The problem:
Restate word for word the entries below, starting at the line with "New Lodge Winnipeg Extérieur photo" and ending at the line with "590 Old Elm". Keep both end lines and omit the pictures.

Data supplied:
---+---

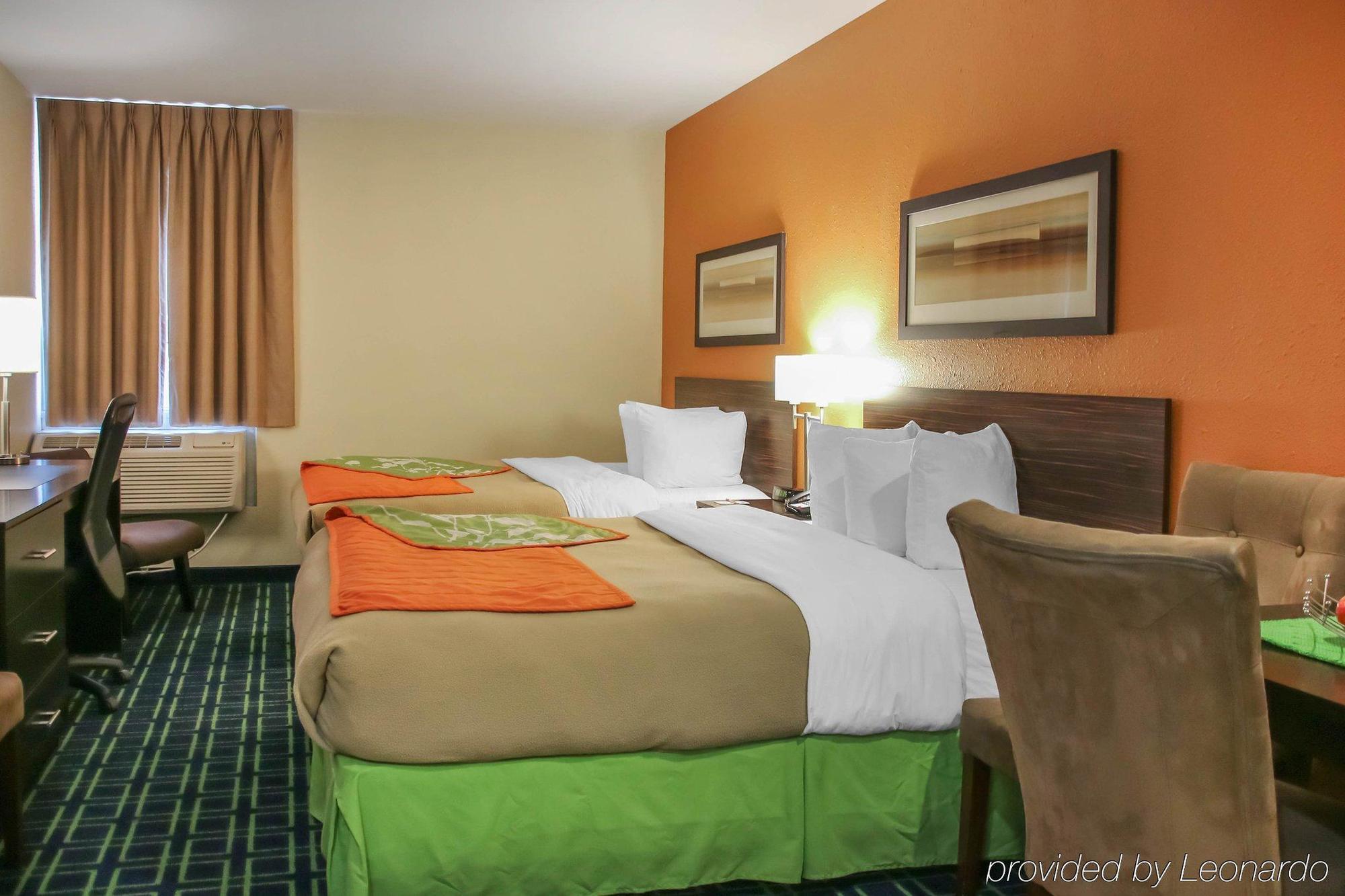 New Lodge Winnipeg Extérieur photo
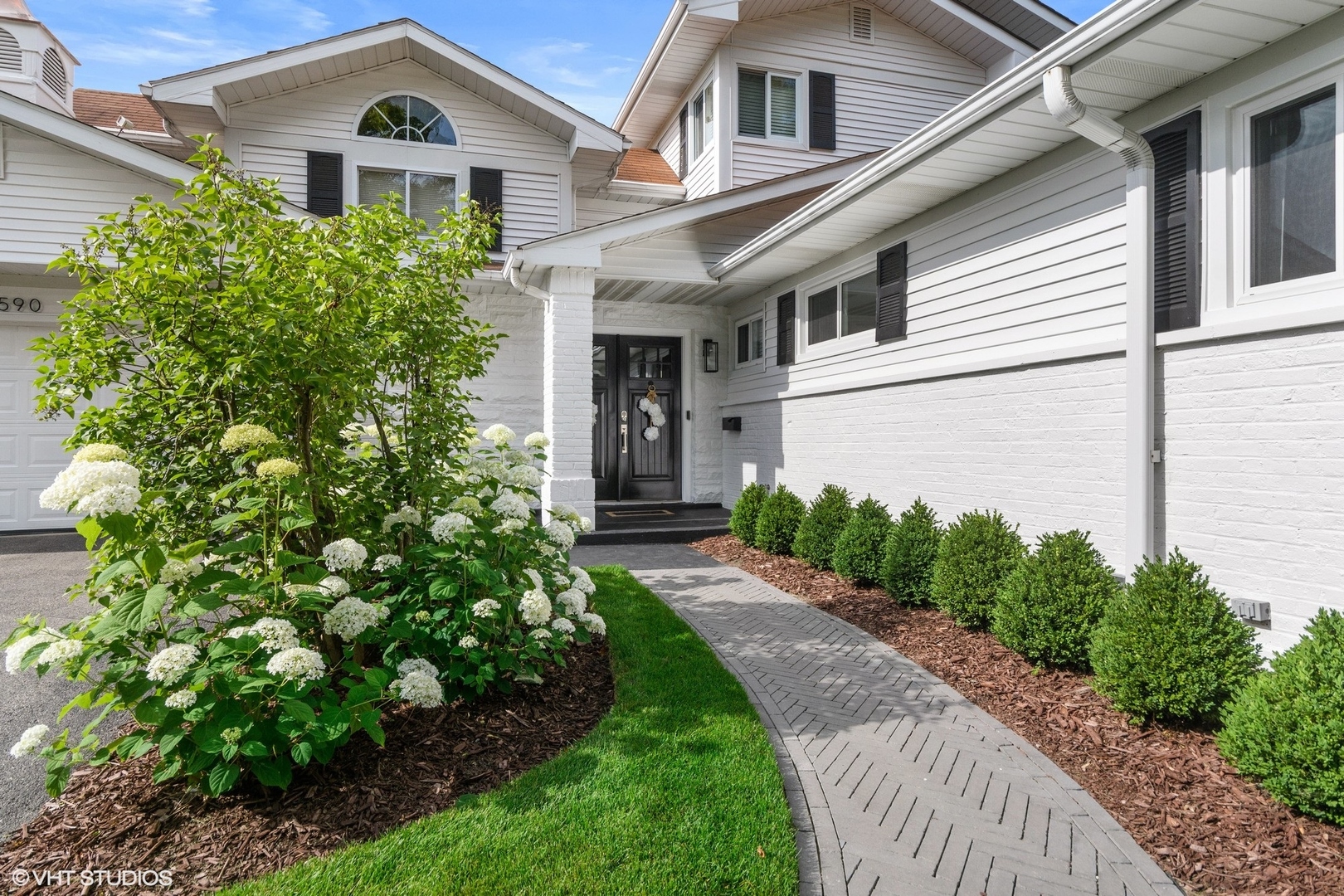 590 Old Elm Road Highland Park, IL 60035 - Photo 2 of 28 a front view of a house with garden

---+---

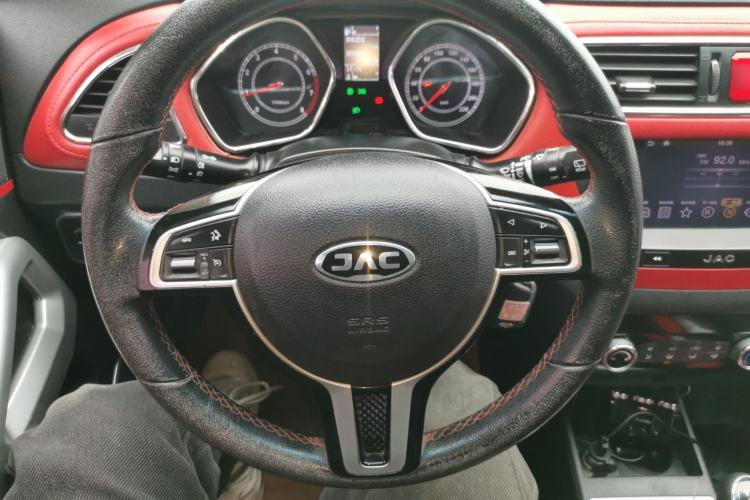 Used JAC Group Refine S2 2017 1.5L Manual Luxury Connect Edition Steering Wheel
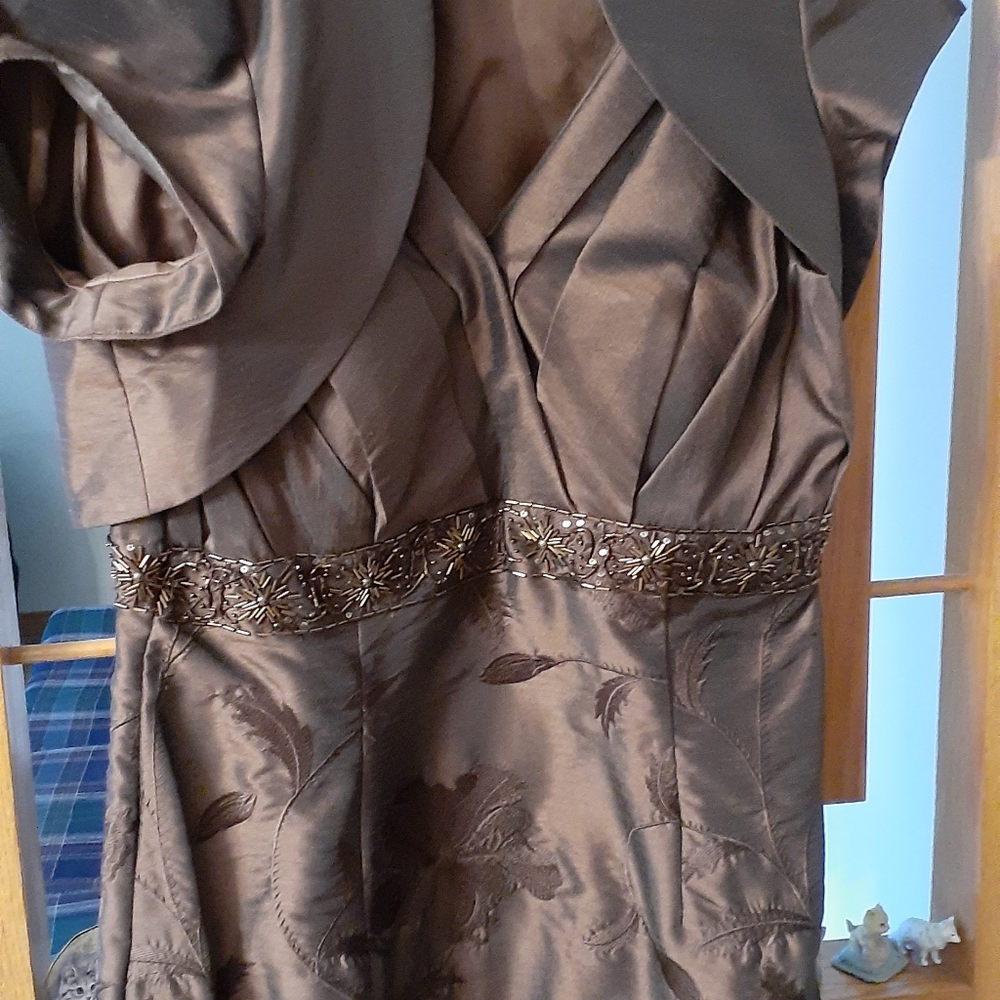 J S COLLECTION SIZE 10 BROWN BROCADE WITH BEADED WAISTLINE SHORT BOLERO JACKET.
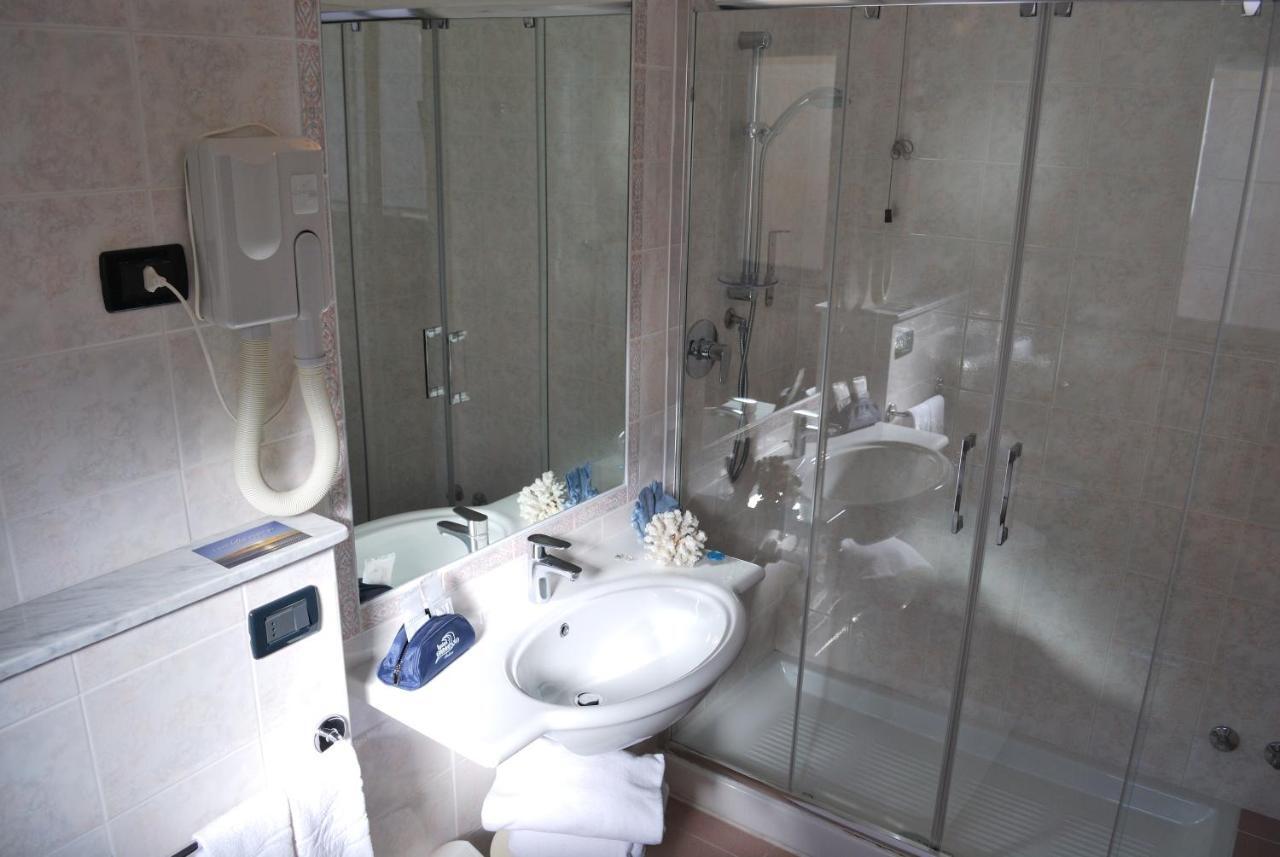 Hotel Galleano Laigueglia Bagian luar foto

---+---

Answer:
 New Lodge Winnipeg Extérieur photo
 590 Old Elm Road Highland Park, IL 60035 - Photo 2 of 28 a front view of a house with garden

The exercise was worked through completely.